Alfred y Ginebra, de James Schuyler (Pre-Textos) Traducción de Mario Jurado | por Juan Jiménez García

James Schuyler | Alfred y Ginebra

La infancia es caminar sobre el hielo. Andar sobre esa capa quebradiza, escapar a la caída de las ramas y los árboles, vencidos por el peso, saltar sobre ese mismo hielo, con una inconsciencia que nunca más recuperaremos. En la infancia, el pasado son anécdotas, el presente es un tiempo continuo y el futuro un juego, el juego de las adivinanzas. Ser niño es no solo caminar sobre ese hielo, sino también serlo. Ser hielo, una fina capa quebradiza sobre la que pasan los demás y que devuelve nuestro reflejo deformado, más justo. Tal vez, por toda su abstracción, por toda su indefinición, por todo eso que contiene de volátil, de aéreo, de abierto a las corrientes de aire de la vida y del mundo, en definitiva, tal vez por toda esa libertad (pero libertad cierta, verdadera), la infancia solo puede ser escrita por los poetas. James Schuyler lo era, pero pienso también en Paisaje en la niebla, de Theo Angelopoulos, con la que comparte el desconcierto. Uno se acerca a estas vidas de niños, de niños sin edad (porque nos dicen unos años, pero nos parecen otros, por desconfianza), de niños que se construyen en ese presente continuo, que se instalan en los huecos, siempre demasiado pequeños, que les dejan los adultos. Nos quedamos perplejos pensando en el libro como una sucesión de diálogos infantiles sobre preocupaciones infantiles, sobre la banalidad de la vida, sobre las cosas de los adultos y esas grandes o pequeñas tragedias que agitan la liviandad de sus cuerpos. Sin embargo, ¿no es esto, de nuevo, nuestra ridícula visión de un mundo en el que hemos renunciado a aquellos años? 

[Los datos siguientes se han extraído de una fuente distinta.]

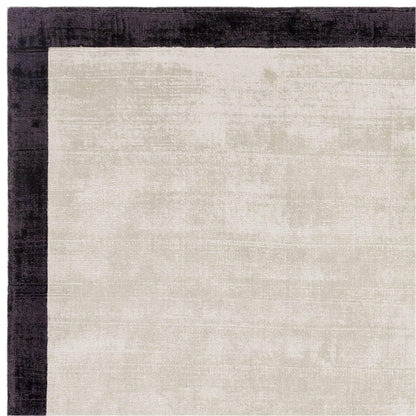 Blade Border Plain Viscose Rug - Handwoven Distressed High-Sheen Silky Soft Luxury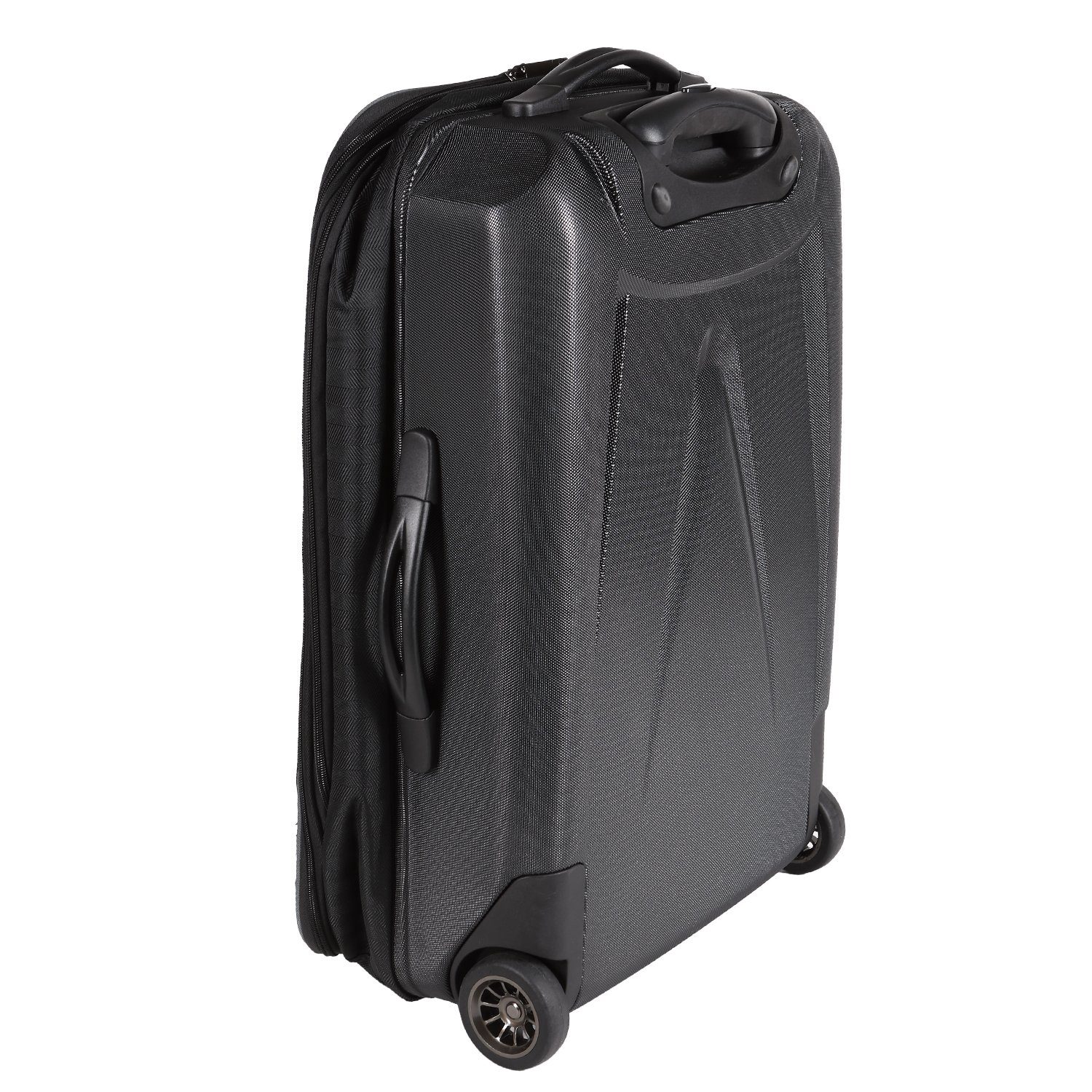 Home4Living Weichgepäck-Trolley Hybrid Trolley Reisekoffer Bordcase Schwarz 32 L, 2 Rollen, Teleskopgriff, Volumenvergößerung bis 15%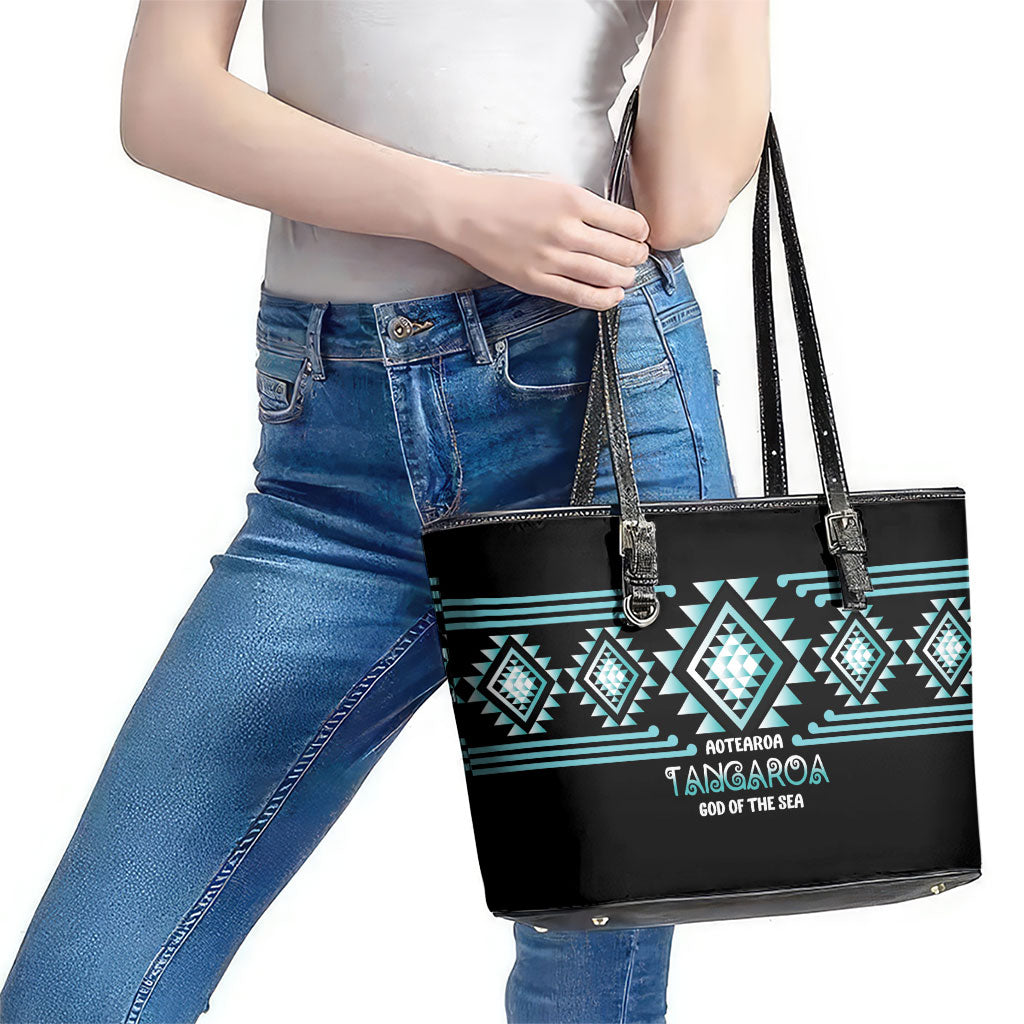 Aotearoa Atua Tangaroa Leather Tote Bag Maori God Of The Sea Taniko Motifs LT14 - Polynesian Pride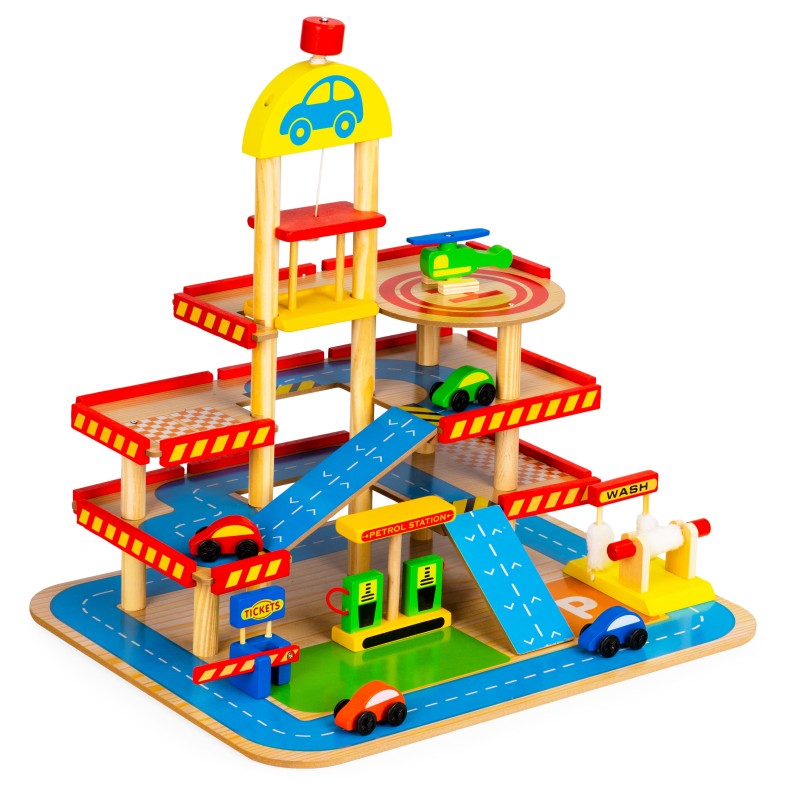 Large wooden garage with lift + cars Ecotoys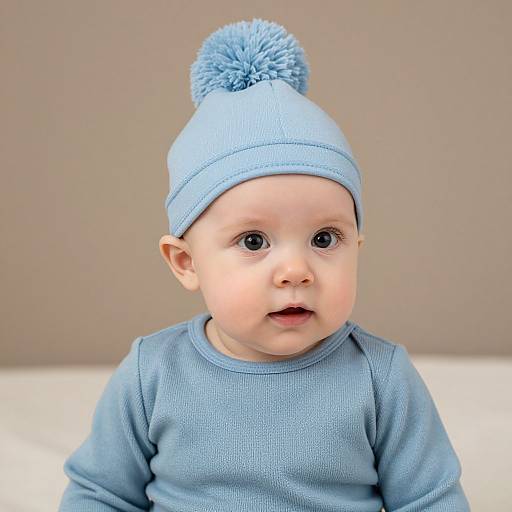 Adorable Baby in Pom Pom Outfit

En Alfred y Ginebra, lo trágico es un pequeño incendio o la posibilidad, incierta, muy incierta, de una separación. Sus pequeñas relaciones sociales, sus juegos de mayores, su renuncia a ser considerados pequeños sin pretender ser grandes. Sus sueños artísticos de futuro (porque un niño nunca quiere ser un empleado o un obrero, eso viene luego y no es más que otra derrota, otra traición) o sus miedos. Sus pequeñas victorias y sus grandes derrotas. También una capacidad que más adelante perderemos, como si fuera una temprana piel que hay que mudar: la capacidad de olvidar, de perdonar. El mundo es aún un lugar capaz de sorprendernos, porque todo está por ser inventado, por ser encontrado, por ser experimentado, por ser nombrado. Nada existe y, cuando existe, es por primera vez. Con un padre lejano, una madre menos lejana, un nuevo pueblo, una nueva casa, la abuela, el tío, los nuevos amigos, el tiempo suspendido de las vacaciones, la espera, todo respira por y para ellos. 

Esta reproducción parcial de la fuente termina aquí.